Your copy should match the listing below word for word, with no images in it.
^^^^^^^^
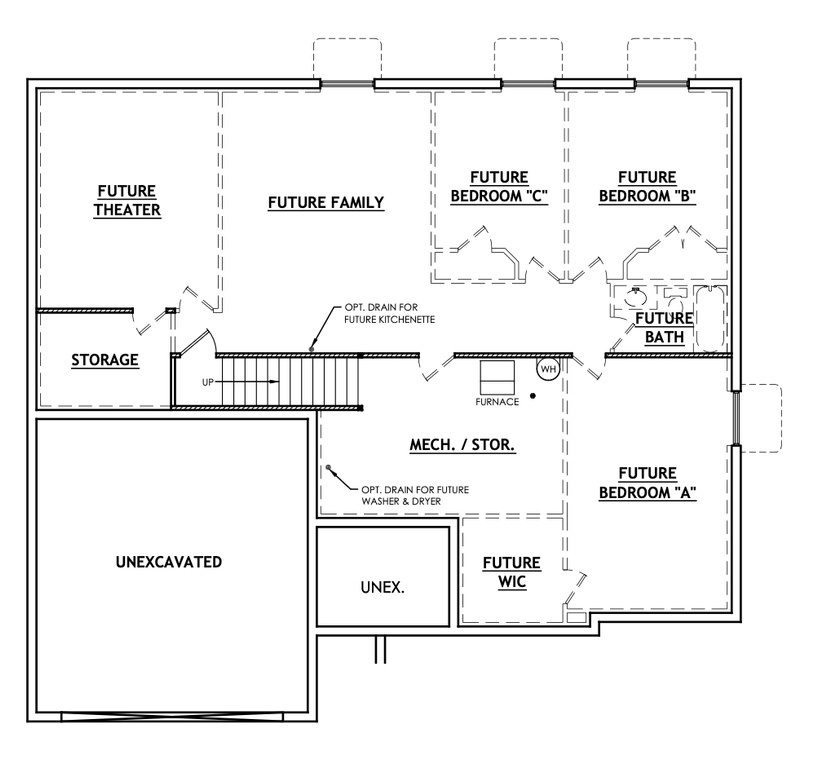 1669 S SAGEBERRY DR #343 Santaquin, UT 84655
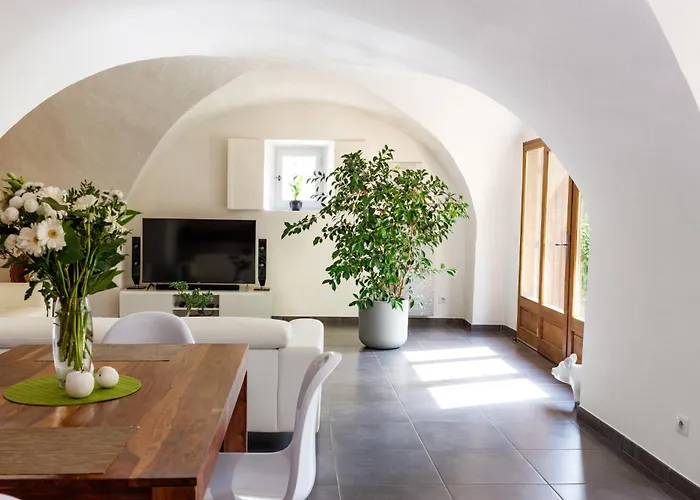 Feriehus Domaine De Monteils Carnas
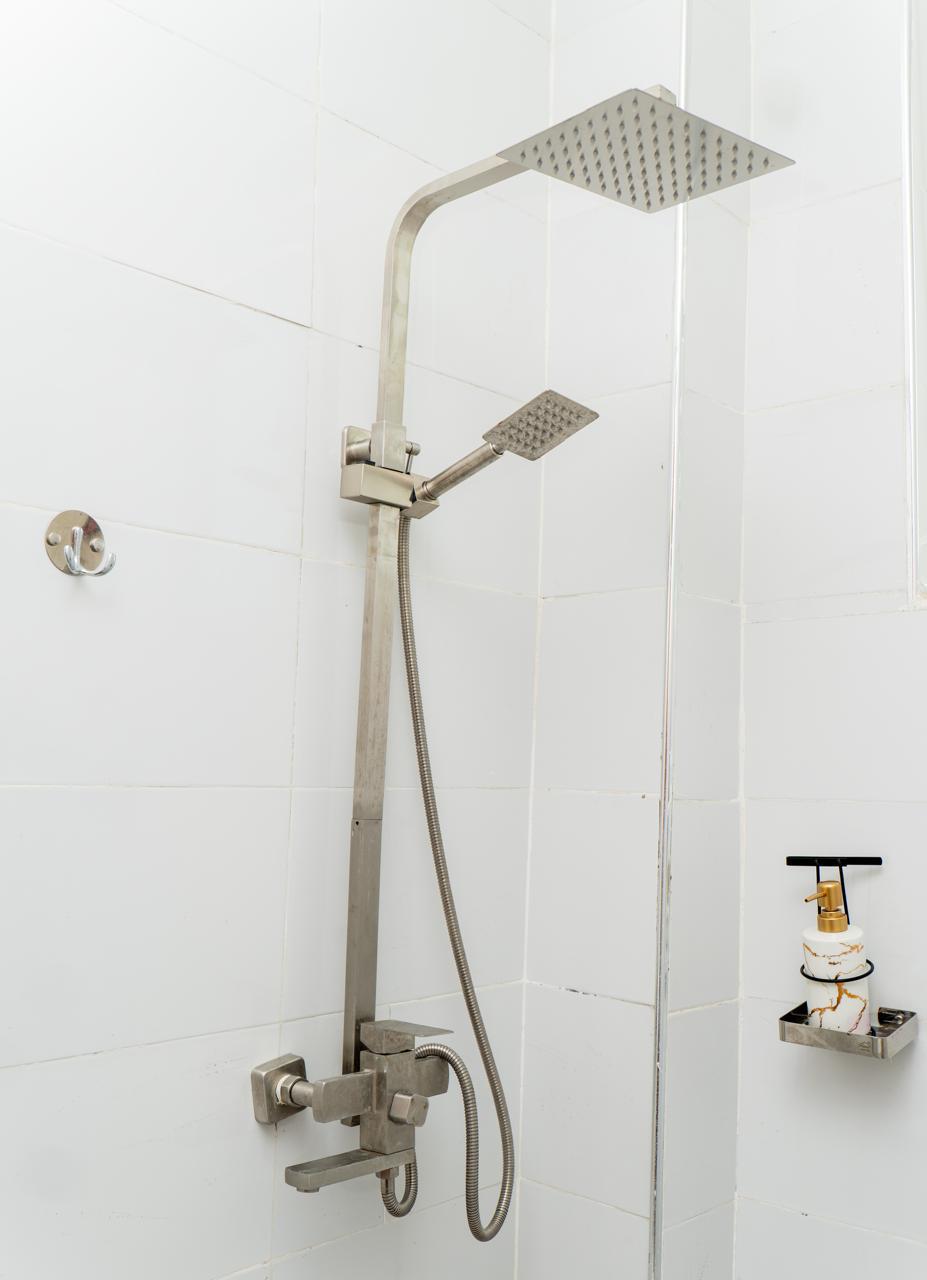 Gold Club Drive Villa View 12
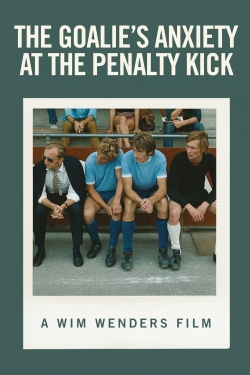 The Goalie's Anxiety at the Penalty Kick (1972) Official Image | AndyDay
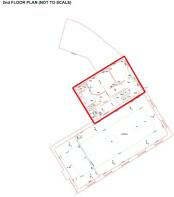Floor/Site plan 2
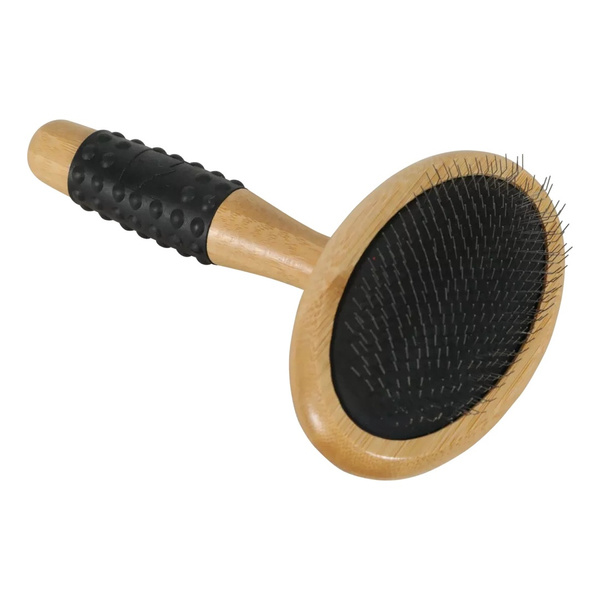 ZOLUX Szczotka pudlówka drewniana dla psa DOG SALON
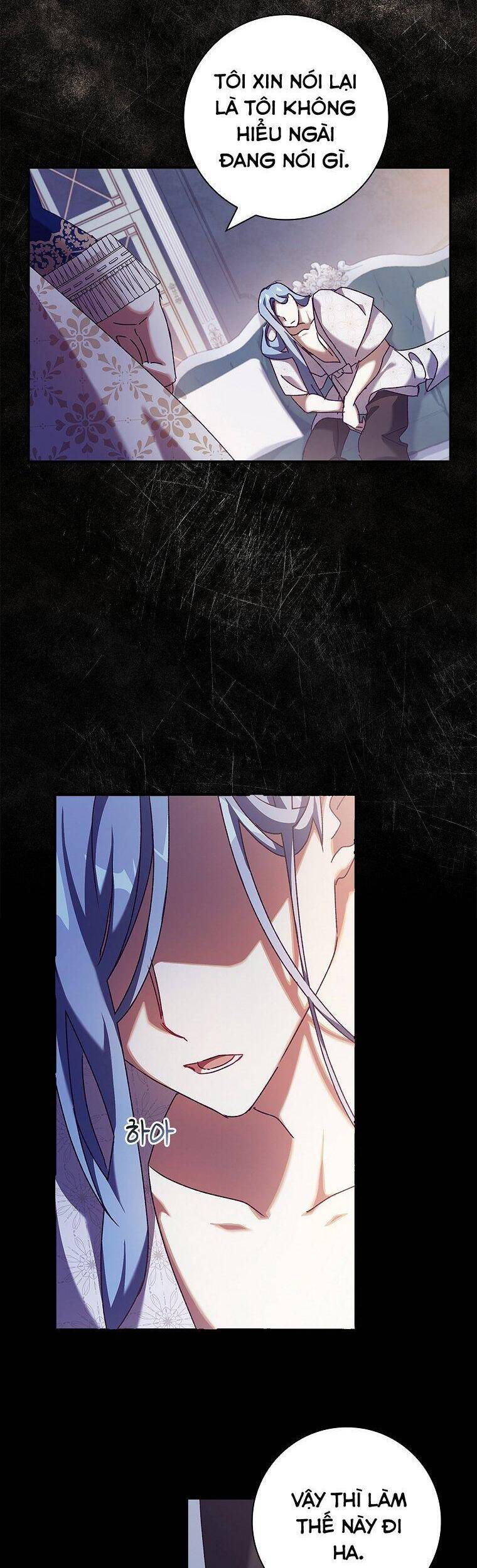 Công Chúa Gác Mái Chap 31 - Next Chap 32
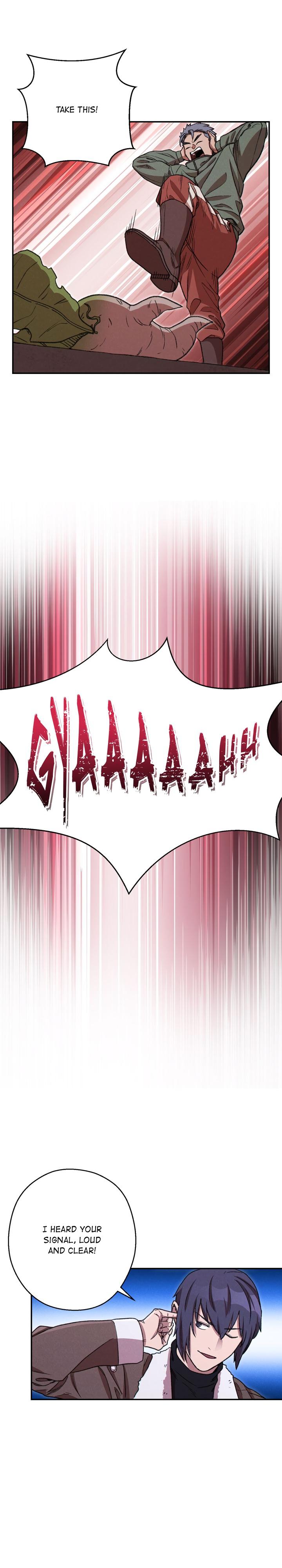 Dungeon Reset Chap 74 - Next Chap 75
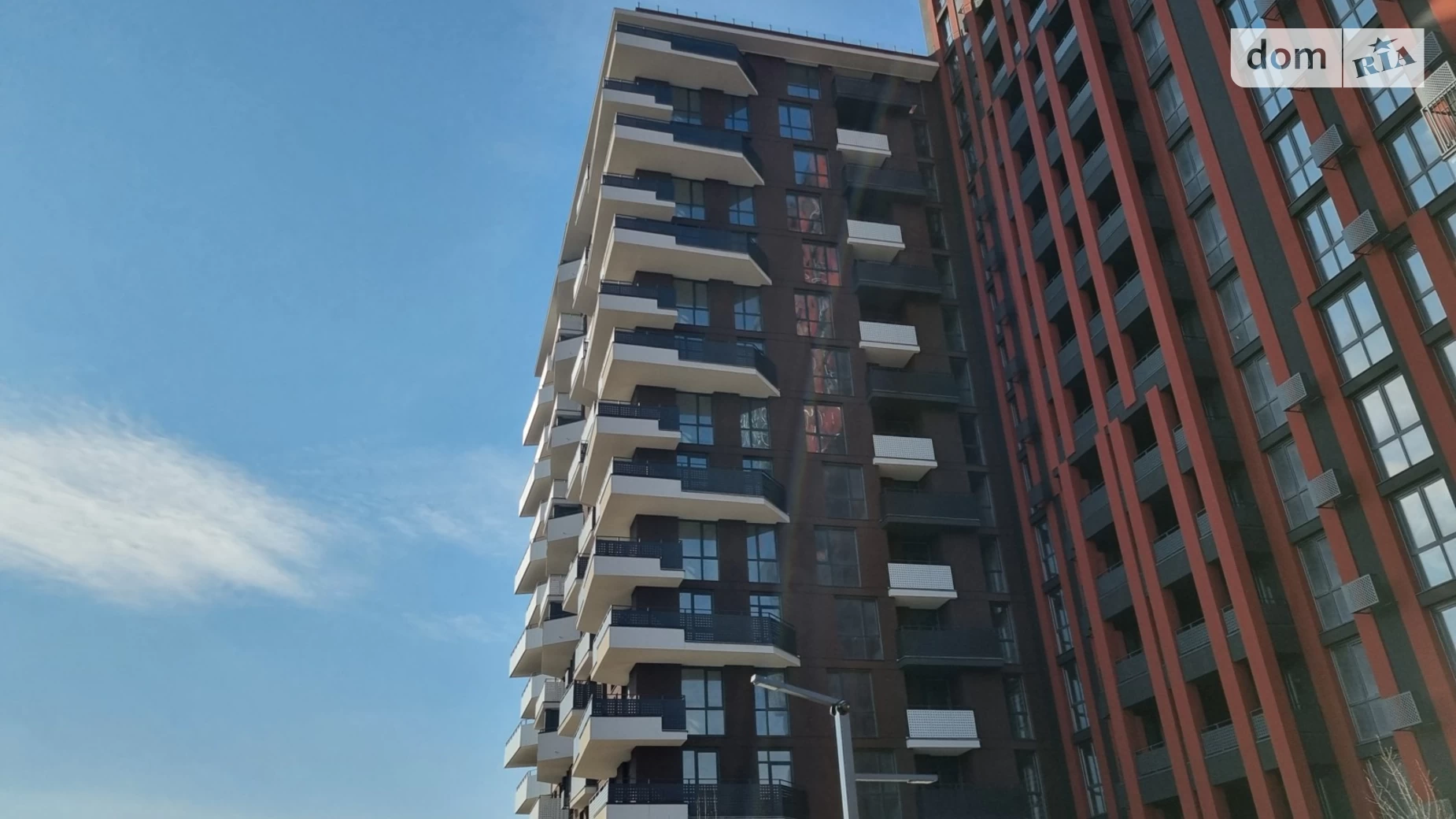 Продается 3-комнатная квартира 72 кв. м в Виннице, пер. Кирпичный, 12 - фото 3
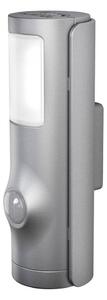 Ledvance - LED Iluminat de orientare cu senzor NIGHTLUX LED/0,35W/3xAAA IP54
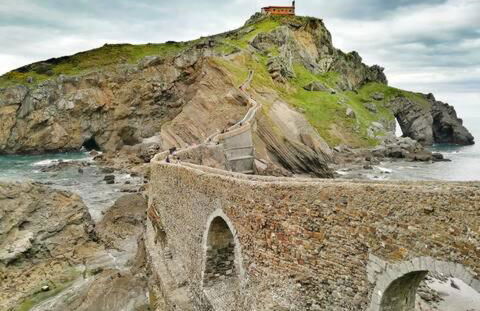 Amumaren Etxea EBI01231 - Foto 18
^^^^^^^^
**PROBLEM SOLUTION**:
 1669 S SAGEBERRY DR #343 Santaquin, UT 84655
 Feriehus Domaine De Monteils Carnas
 Gold Club Drive Villa View 12
 The Goalie's Anxiety at the Penalty Kick (1972) Official Image | AndyDay
Floor/Site plan 2
 ZOLUX Szczotka pudlówka drewniana dla psa DOG SALON
 Công Chúa Gác Mái Chap 31 - Next Chap 32
 Dungeon Reset Chap 74 - Next Chap 75
 Продается 3-комнатная квартира 72 кв. м в Виннице, пер. Кирпичный, 12 - фото 3
 Ledvance - LED Iluminat de orientare cu senzor NIGHTLUX LED/0,35W/3xAAA IP54
 Amumaren Etxea EBI01231 - Foto 18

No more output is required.